Task item. Starting with the line that contains "House, Multiple Beds, Kitchen" and stopping after the line that contains "Used 2020 Porsche Panamera 4 image 19", copy the entries below exactly. Include nothing else.

Raw data.
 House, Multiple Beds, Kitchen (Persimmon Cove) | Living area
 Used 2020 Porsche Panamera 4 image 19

...

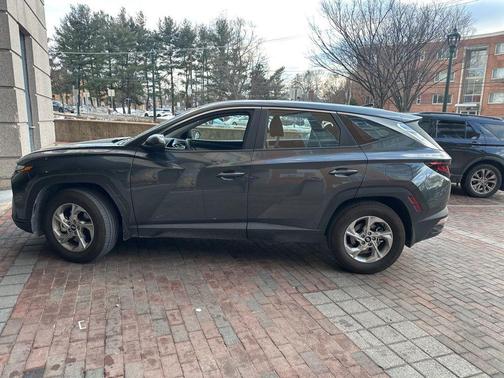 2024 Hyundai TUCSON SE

Task answer.
 House, Multiple Beds, Kitchen (Persimmon Cove) | Living area
 Used 2020 Porsche Panamera 4 image 19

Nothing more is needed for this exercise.